What did I say? I’m sorry — U.N. peacekeeping ministerial in London. So I’m pleased to join that. I understand the prime minister will be dropping by. This is important because this is something that President Obama hosted in New York a year ago, and as you probably all know, the demand for peace operations is growing around the world.
The United States is already the largest contributor to those operations, but last year the president made some additional commitments on behalf of the United States, some of which are the Department of Defense’s to carry out. And I want to report first of all on how we’re carrying out the president’s pledges from last year.
But secondly, I brought some new things in addition to that. So there are two pieces of news. And then we’ll talk also about how to improve and reform U.N. peace operations.

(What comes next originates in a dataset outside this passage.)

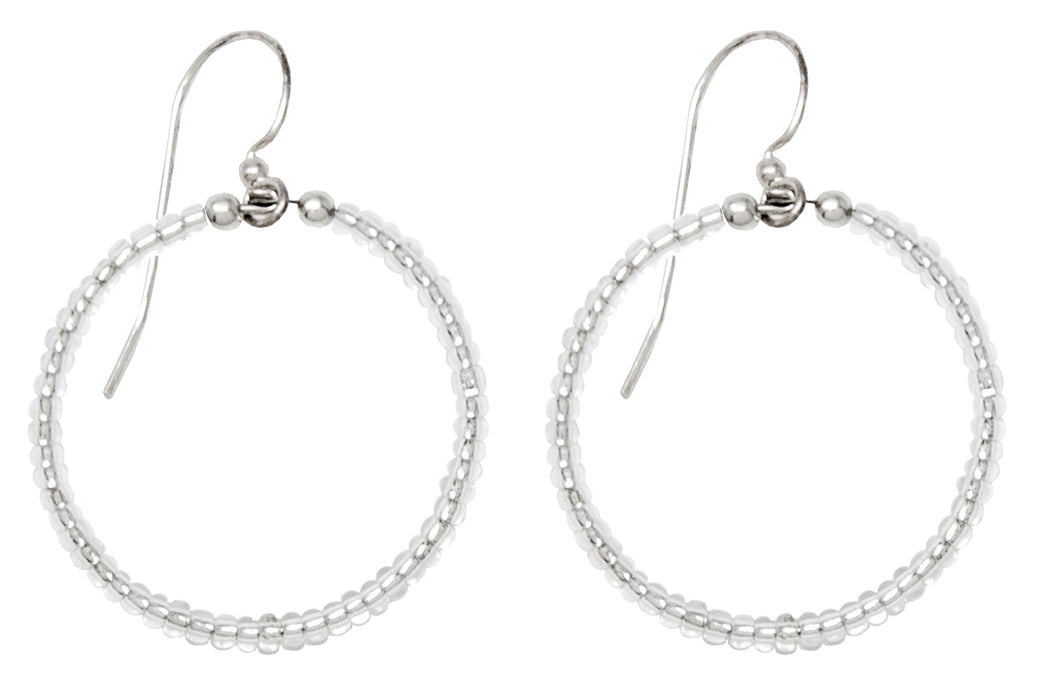 Handmade Dangling Beaded Hoop Earrings, 25mm - LooptyHoops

While I’m in London, I’ll have an additional sequence of bilateral meetings with three very important counterparts from Turkey, Ukraine, and also Israel. And I have a lot to discuss with each and every one of those also.
With that, I will go off with another good friend and colleague, the defense minister of Norway, an exceedingly close ally. And we will go both to a facility — a base, a Norwegian base up on the Arctic Circle, which is important to both of us, and I’ll learn some more about our cooperation and about the Norwegian military and the direction that Defense Minister Soreide is taking the Norwegian military for the future in a very impressive way.
And then she and I will fly own to Oslo where we’ll do a press conference there. That’s a very important relationship if you haven’t tuned into it, a great, great closeness and also great value to the United States and I believe also to Norway. So that’s this trip.
And with that, may I take your questions.
Q: I think this is right — Mr. Secretary, you’re mentioning your meeting — I guess it’s Thursday — with the Turkish minister.
SEC. CARTER: The Turkish defense minister.
Q: Yeah, sorry. Anyway —
SEC. CARTER: Yes, that’ll be Thursday.
Q: In this post-attempted coup era that was — you know, created a lot of uncertainty about the relationship and things — events that have taken place since then in Syria, what do you need to get from the Turks that will set the relationship in a better footing?
SEC. CARTER: Well, we’ve pretty much returned to the level of cooperation. There were some temporary disruptions in the things that we were doing, which were very understandable, –in the wake of, after all, was a coup in which some of their military leaders had participated in. Until their government could sort that out, we understood that there would be some of those interruptions.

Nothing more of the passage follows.